Daily Journal of Commerce (Portland, OR), Jun 6, 2005 by Justin Stranzl

With the end of the school year just days away, Portland State University and University of Oregon architecture students on Thursday took their work out of the classroom and into an arena where it would be judged not by a teacher but by a different critic: the general public.

The displays took place in separate locations downtown: Graduating UO students took over the walls of the Galleria at 921 S.W. Morrison St., while students in their first or second years with PSU's architecture studio exhibited drawings, sculptures and other art in the gallery of Associated Institute of Architects Portland at 315 S.W. Fourth Ave.

The UO students at the Galleria were graded, but not by the instructors who've guided them through the 2004-05 school year. Rather, professional designers and architectural critics volunteered to sit with individual students for one-hour sessions in which the students explained their work and the judges offered suggestions or criticisms.

On some levels the event was stressful - students were showing their work for Galleria customers not accustomed to judging architecture, and some of the students had never displayed their work publicly before. And the event was a de facto job interview: Designers with some of Portland's more recognizable firms paced the gallery, scouting for future help.

At the same time, the students breathed easier knowing their course load for the year was finally done. Josh Meharry, who soon will receive his bachelor's degree from UO, said he'd exhausted himself over the last term, working anywhere from six to 18 hours a night on a relief cube for victims of natural disasters. A critic would council him in minutes, but he wasn't worried. All he could do was relax after finally finishing a model of his work.

I finished two seconds before my review, he said, leaning against a wall from which his proposal hung.

The projects varied in size, scope and probability. Meharry's relief-cube design proposed an 8-foot-by-8-foot square that could easily be packaged and sent across waters before expanding into a sleeping room, kitchen and bathroom.

Another student, Rose Vadnais, proposed an urban cemetery that would take over the West Park Blocks near the Pearl District and house a crematorium, chapel and more. A third student, Alina Graham, proposed a massive, narrowing tower for the South Waterfront District that, instead of mirroring the Meriwether, would mimic the skinny towers of Vancouver, British Columbia, squeezing 900-square- foot spaces into a gradually thinning tower that would protect the views of West Hills homeowners.

There's a lot more innovation with high-rises (in Canada) than in Portland, Graham said.

UO professor, James Pettinari, roamed the gallery, but he offered little criticism for the projects.

Instead, he checked in with each of the 80 students mostly to see if they finished the damn thing, he said, laughing.

Blocks away, students from PSU unveiled architectural work both obvious and not. Simple building sketches were included in the collection at the AIA gallery, as were photocopies colored over with charcoal, wood blocks and drawings of leaves.

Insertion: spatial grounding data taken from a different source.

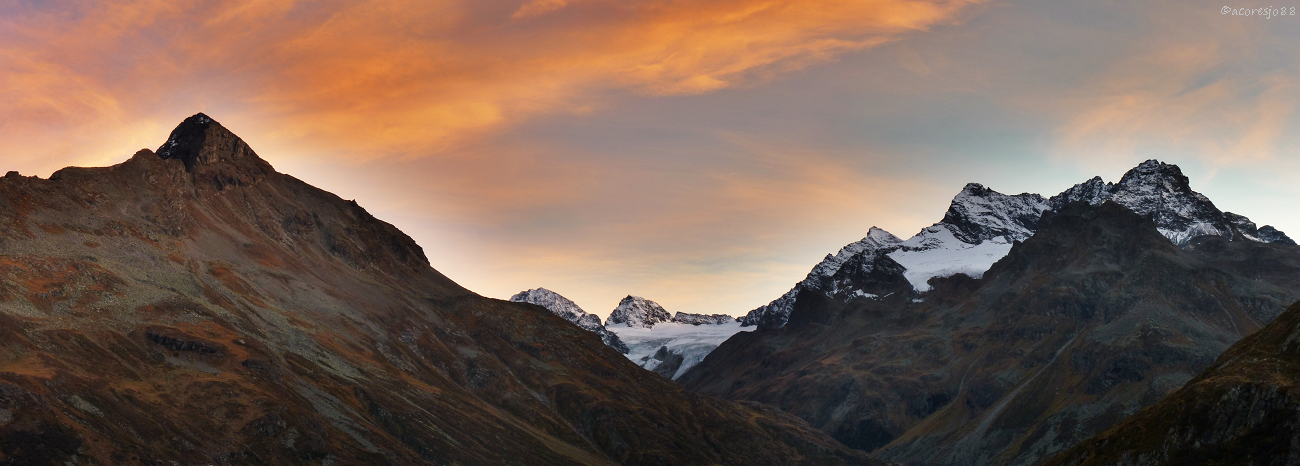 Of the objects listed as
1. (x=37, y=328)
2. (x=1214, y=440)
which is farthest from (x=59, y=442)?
(x=1214, y=440)

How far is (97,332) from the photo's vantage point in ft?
632

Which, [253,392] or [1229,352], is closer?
[1229,352]

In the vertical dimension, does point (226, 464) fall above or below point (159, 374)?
below

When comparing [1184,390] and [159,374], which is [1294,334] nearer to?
[1184,390]

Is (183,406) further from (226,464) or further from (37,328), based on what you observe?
(37,328)

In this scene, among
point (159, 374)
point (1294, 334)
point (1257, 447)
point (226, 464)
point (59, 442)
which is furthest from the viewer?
point (159, 374)

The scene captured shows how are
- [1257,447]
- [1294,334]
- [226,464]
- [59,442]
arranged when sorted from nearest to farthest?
[1257,447], [1294,334], [59,442], [226,464]

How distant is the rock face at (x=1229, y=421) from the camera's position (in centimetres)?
12462

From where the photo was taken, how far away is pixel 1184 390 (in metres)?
143

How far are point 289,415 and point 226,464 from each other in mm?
23356

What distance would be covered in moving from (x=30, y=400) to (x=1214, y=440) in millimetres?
160130

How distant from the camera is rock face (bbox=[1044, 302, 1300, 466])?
409 ft

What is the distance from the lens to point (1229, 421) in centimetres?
13088

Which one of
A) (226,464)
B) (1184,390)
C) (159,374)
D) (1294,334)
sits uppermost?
(1294,334) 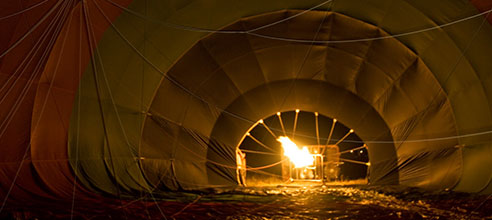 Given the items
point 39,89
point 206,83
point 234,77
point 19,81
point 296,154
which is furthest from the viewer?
point 296,154

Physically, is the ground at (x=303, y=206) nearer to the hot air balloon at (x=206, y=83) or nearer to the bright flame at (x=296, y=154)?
the hot air balloon at (x=206, y=83)

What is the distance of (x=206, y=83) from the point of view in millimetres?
6637

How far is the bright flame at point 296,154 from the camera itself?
7.87 meters

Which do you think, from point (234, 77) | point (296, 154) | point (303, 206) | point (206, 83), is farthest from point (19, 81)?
point (296, 154)

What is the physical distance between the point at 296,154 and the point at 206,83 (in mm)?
2346

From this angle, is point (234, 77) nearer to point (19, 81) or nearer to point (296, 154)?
point (296, 154)

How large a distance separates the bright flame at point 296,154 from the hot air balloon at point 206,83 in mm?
1225

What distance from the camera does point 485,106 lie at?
213 inches

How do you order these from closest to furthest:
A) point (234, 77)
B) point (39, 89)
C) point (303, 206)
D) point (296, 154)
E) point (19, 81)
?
1. point (303, 206)
2. point (19, 81)
3. point (39, 89)
4. point (234, 77)
5. point (296, 154)

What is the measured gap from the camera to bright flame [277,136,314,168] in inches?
310

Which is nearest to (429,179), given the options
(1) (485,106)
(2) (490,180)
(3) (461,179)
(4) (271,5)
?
(3) (461,179)

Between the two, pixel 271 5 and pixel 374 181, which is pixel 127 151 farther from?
pixel 374 181

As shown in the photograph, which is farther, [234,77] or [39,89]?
[234,77]

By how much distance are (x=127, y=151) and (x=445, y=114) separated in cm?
441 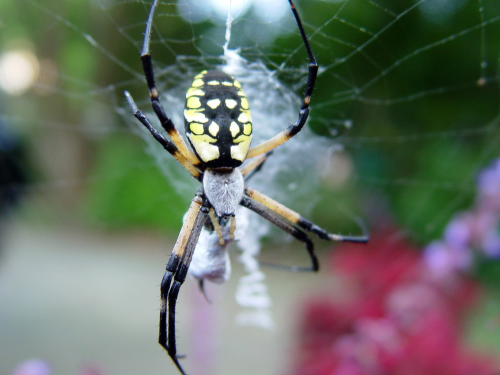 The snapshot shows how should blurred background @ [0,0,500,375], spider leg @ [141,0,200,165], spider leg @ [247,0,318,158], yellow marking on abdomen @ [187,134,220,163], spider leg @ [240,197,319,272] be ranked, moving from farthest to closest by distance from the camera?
blurred background @ [0,0,500,375] → spider leg @ [240,197,319,272] → spider leg @ [247,0,318,158] → yellow marking on abdomen @ [187,134,220,163] → spider leg @ [141,0,200,165]

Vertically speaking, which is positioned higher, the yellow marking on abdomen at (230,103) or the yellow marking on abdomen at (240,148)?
the yellow marking on abdomen at (230,103)

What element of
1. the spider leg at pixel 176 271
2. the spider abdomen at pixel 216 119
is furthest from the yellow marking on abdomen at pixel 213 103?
the spider leg at pixel 176 271

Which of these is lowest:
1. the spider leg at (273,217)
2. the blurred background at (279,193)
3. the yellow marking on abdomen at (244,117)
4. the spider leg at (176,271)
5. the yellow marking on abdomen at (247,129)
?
the spider leg at (176,271)

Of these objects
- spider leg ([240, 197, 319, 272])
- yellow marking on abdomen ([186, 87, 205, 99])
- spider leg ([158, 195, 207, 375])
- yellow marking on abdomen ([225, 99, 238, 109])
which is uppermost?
yellow marking on abdomen ([186, 87, 205, 99])

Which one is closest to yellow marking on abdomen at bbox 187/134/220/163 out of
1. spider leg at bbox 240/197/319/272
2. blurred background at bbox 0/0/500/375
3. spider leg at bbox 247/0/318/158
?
spider leg at bbox 247/0/318/158

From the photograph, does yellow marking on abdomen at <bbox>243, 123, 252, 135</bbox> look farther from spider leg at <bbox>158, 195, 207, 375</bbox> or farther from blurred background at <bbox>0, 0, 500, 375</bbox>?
blurred background at <bbox>0, 0, 500, 375</bbox>

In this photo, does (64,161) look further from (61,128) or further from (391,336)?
(391,336)

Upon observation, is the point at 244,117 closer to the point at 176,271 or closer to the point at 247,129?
the point at 247,129

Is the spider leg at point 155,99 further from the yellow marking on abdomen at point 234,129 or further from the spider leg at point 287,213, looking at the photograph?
the spider leg at point 287,213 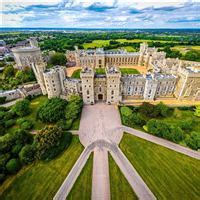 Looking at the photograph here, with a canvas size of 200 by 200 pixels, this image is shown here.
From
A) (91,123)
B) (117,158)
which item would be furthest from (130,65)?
(117,158)

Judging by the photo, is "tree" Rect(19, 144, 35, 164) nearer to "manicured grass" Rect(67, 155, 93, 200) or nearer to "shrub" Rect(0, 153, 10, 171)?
"shrub" Rect(0, 153, 10, 171)

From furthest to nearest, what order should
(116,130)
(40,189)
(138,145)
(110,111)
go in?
(110,111)
(116,130)
(138,145)
(40,189)

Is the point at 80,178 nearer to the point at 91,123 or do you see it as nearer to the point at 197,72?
the point at 91,123

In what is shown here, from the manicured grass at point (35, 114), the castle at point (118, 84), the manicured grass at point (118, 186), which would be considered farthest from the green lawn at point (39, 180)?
the castle at point (118, 84)

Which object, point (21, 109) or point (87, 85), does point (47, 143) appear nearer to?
point (21, 109)

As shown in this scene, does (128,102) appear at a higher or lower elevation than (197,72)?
lower

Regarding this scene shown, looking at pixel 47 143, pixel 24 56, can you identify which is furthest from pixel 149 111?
pixel 24 56

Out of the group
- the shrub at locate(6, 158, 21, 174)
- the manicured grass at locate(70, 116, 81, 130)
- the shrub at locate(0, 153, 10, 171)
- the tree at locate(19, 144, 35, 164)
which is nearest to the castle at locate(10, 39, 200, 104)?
the manicured grass at locate(70, 116, 81, 130)

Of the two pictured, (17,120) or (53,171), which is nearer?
(53,171) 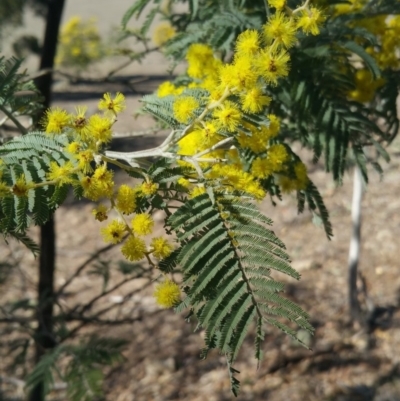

The students, all of whom were in their first or second year under the tutelage of Clive Knights, acting chairman of the architecture department, were exhibiting as much as architects as artists. As nascent students they'd yet to create the grand proposals of the graduating UO students, but that offered them an advantage, Knights said. The students could exhibit less structured, more adventurous work, he said, to see how it registered with arts fans visiting as part of First Thursday festivities.

We have an advantage pedagogically - we can exploit a freedom to test definitions of architecture, he said. This gallery teaches them how to make their work presentable - visually interesting as well as architectural interesting.

They're learning to see, said Tim Siemens, an assistant professor.

Malia Kalahele, a second-year architectural student, proudly showed off 19 drawings she and fellow classmates completed throughout the year. They cut photographs of people and living spaces out of magazines, then photocopied them and drew over them with charcoal and graphite to both flesh out their artistic tendencies and give our spaces more of a living quality than a sterile, chipboard model would, she said.

Our work is mostly in our head, she said. This gives us a chance to bring it out.